Task directions
Go through the listing below and gather every line with the word "Acrylic".

Task inputs
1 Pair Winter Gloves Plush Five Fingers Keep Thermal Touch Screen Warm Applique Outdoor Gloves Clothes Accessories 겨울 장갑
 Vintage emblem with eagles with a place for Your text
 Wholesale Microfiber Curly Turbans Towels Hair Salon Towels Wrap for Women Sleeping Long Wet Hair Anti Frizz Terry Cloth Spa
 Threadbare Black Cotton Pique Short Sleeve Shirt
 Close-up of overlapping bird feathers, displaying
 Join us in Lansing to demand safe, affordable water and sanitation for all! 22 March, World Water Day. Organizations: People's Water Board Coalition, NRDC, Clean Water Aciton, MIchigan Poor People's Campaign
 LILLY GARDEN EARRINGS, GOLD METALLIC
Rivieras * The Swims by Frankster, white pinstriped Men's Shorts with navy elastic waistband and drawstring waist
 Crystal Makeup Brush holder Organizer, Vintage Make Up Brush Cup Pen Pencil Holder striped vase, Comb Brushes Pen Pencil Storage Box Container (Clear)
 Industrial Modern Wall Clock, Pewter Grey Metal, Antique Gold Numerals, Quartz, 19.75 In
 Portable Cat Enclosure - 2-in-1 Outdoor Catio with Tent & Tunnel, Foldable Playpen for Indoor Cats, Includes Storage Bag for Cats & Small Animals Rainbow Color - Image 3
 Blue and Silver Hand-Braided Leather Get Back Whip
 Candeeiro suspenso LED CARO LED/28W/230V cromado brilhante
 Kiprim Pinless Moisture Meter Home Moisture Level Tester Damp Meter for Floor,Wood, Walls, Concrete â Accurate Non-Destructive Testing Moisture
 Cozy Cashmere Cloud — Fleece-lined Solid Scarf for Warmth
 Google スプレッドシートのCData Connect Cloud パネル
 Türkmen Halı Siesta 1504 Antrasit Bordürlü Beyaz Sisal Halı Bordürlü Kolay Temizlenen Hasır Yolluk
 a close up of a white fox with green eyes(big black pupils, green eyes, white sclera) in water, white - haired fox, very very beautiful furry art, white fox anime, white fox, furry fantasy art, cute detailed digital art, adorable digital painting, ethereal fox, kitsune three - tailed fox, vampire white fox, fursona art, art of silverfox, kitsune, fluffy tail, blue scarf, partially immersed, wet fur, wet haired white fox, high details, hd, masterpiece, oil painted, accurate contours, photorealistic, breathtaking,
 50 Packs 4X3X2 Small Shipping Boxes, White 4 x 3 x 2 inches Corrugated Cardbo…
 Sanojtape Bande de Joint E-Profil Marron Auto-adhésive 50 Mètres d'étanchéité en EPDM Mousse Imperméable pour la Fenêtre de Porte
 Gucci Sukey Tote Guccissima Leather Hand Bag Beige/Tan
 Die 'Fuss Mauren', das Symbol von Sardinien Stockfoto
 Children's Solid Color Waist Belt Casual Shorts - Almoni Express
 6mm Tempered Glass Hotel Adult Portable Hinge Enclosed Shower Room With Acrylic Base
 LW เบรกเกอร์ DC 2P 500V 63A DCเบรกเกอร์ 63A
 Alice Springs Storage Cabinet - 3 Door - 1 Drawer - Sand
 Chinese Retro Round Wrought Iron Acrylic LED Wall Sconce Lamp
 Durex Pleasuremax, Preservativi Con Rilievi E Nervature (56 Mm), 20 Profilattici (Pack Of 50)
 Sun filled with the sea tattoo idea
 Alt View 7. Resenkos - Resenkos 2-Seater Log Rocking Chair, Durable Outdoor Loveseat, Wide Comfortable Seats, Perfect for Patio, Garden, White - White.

Answer space
 6mm Tempered Glass Hotel Adult Portable Hinge Enclosed Shower Room With Acrylic Base
 Chinese Retro Round Wrought Iron Acrylic LED Wall Sconce Lamp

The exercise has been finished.